Inevitably, a few acronyms have to be unpacked to analyze the significance of recent developments around CMAF. The starting point was the consolidation down from four to two alternative streaming platforms from about 2014, DASH and HLS. Both are very similar in principle, designed to optimize video delivery over unpredictable connectionless networks by breaking content into sequences of small HTTP-based file segments, each one comprising short intervals of playback time lasting a few seconds even though the whole may be a movie or sports broadcast lasting an hour or two. The crucial point is that the content is encoded in parallel streams of these segments at different bit rates catering for varying network conditions and associated bandwidth availability.

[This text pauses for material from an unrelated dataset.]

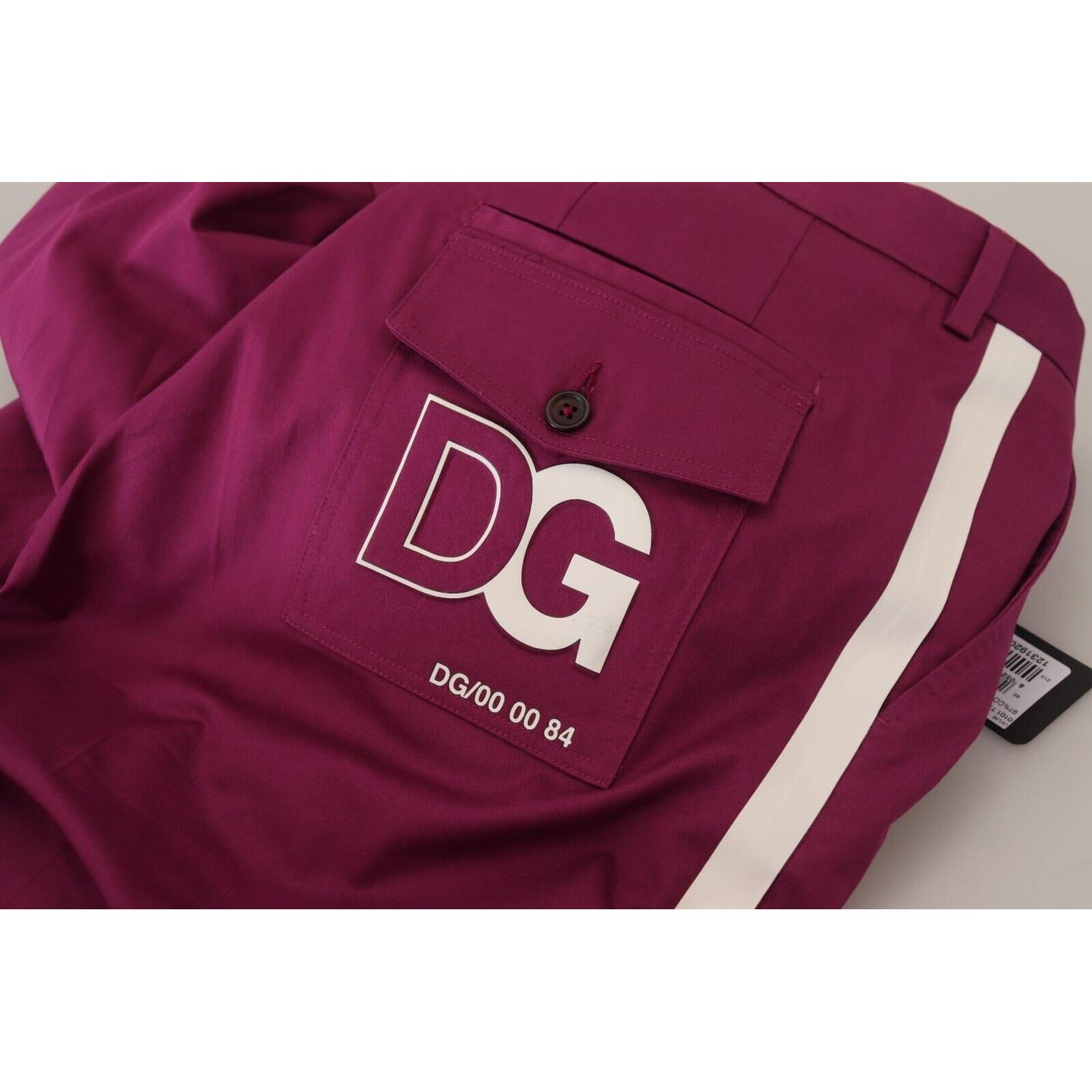 Dolce & Gabbana Magenta Cotton DG Logo Pocket Trouser Pants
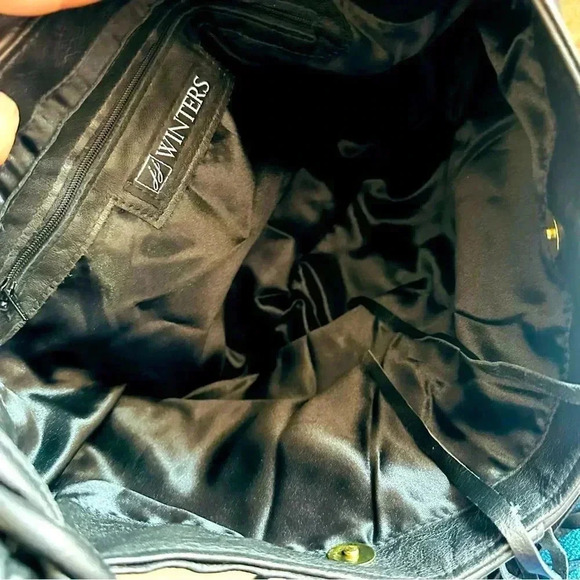 JJ Winters Rare Large Fringed Studded Leather Crossbody  Purse - Picture 6 of 6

These segments in turn can be sub-divided into chunks of known length, which is the basis for MPEG work associated with DASH on low latency streaming, as we will come onto. The other key term here is container, which is sometimes confused with the codec and also slightly misleadingly referred to as a format.

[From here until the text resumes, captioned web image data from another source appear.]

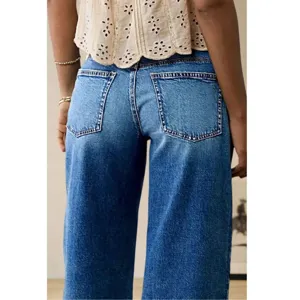 Women's blue high waist wide leg casual denim jeans featuring classic back pockets design.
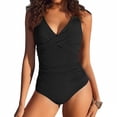 thumbnail image 2 of NMMUED Women Tummy Control One Piece Swimsuit Push Up Bathing Suit Full Coverage Slimming Swimwear Black S, 2 of 5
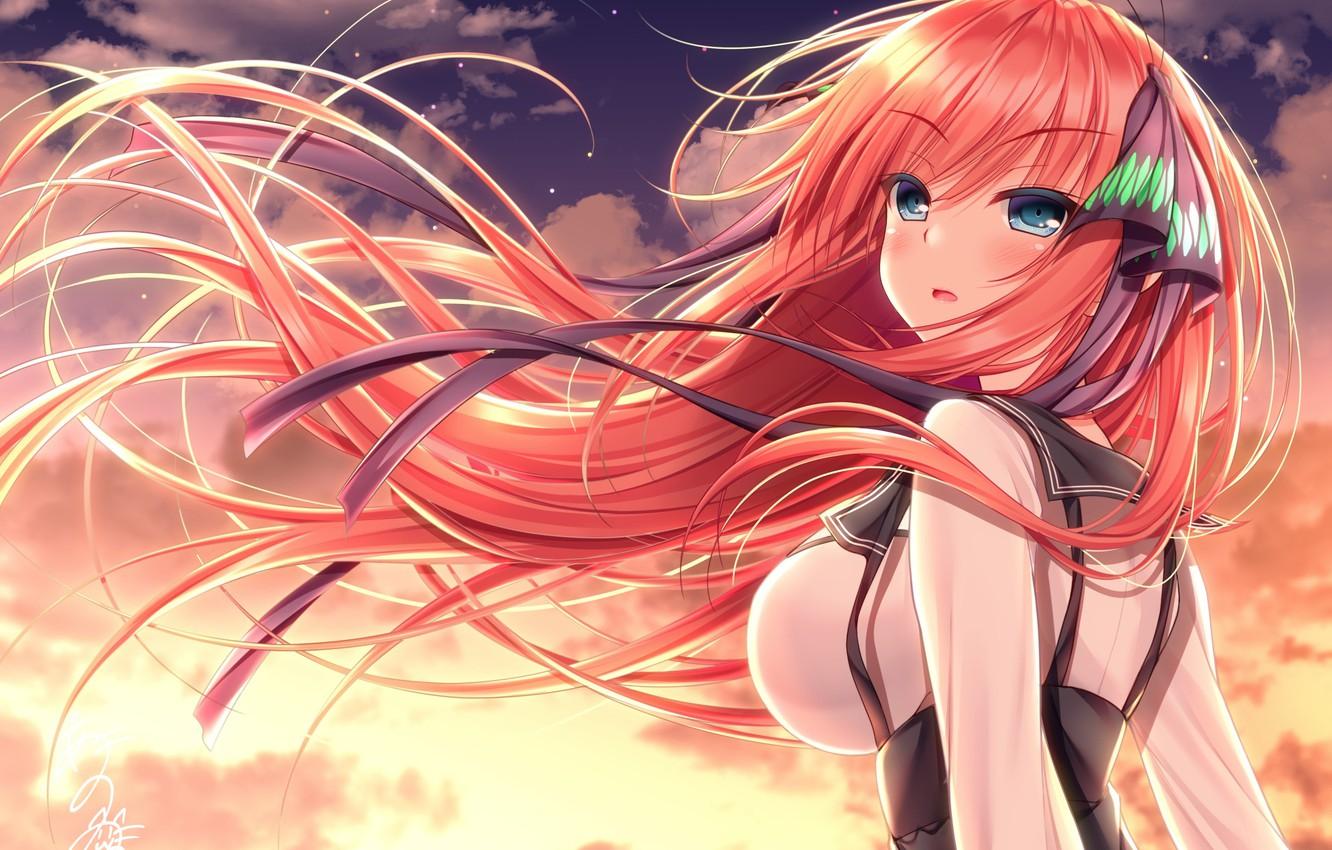 Wallpaper Girl, Red, Go Toubun No Hanayome, Nakano Nino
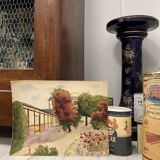 Watercolor landscape with parasols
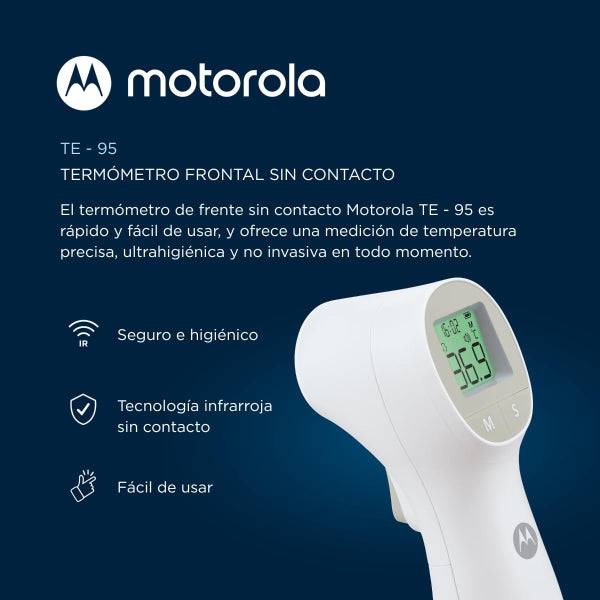 Motorola Nursery TE 95 Termometro Senza Contatto - Display Retroilluminato - Allarme Febbre - Colore Bianco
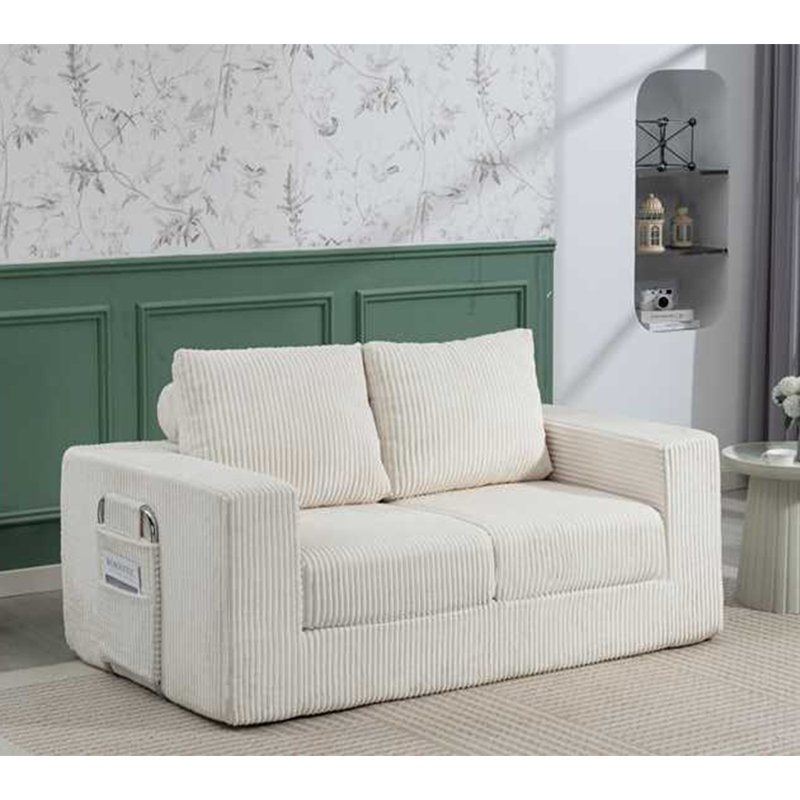 Codeigh Boneless 69'' Convertible Sofa Bed 2 Seats Loveseat Sleeper Sofa Small Couch Sofa, Beige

The codec is simply the method or product used for compressing video data. The container is then the extension or wrapper around the compressed or encoded content, describing how it is packaged and should be handled, with potential support for multiple audio and video streams, subtitles, chapter information, and synchronization information necessary to play back the various streams simultaneously. It specifically does not include information needed to decode the content, which has to be performed downstream in the client typically.
The main difference between HLS and DASH was over their containers, with the former using the .ts format to describe the contents and the latter .mp4 containers which had been proposed as an industry standard. This dichotomy meant that content distributors had to encode and store the same audio and video twice to reach the full constellation of devices, including Android, Apple iOS and Microsoft, in order to accommodate both container formats. Apple was under pressure to compromise but history suggested that would not happen, so the streaming industry was pleasantly surprised when agreement was reached in February 2016. In that month, Apple and Microsoft proposed CMAF to MPEG as a joint standard under the MP4 format supporting a fragmented version of the .mp4 containers that could now be referenced by HLS as well as DASH, so that in principle only one version of each content needed to be prepared for a given bitrate. Specifications followed over a year later in July 2017 and then the CMAF standard was officially published in January 2018.
CMAF’s goals were political and commercial as well as technical or financial. They were to cut costs by reducing to a single version, reduce workflow complexity accordingly, cut latency and achieve industry unification. Arguably the greatest achievement was finally to end the divide between what had originally been four alternative streaming protocols, Microsoft’s Smooth and Adobe’s HDS on top of DASH and HLS. But while HDS had been withering on the vine, Microsoft had already aligned Smooth with DASH.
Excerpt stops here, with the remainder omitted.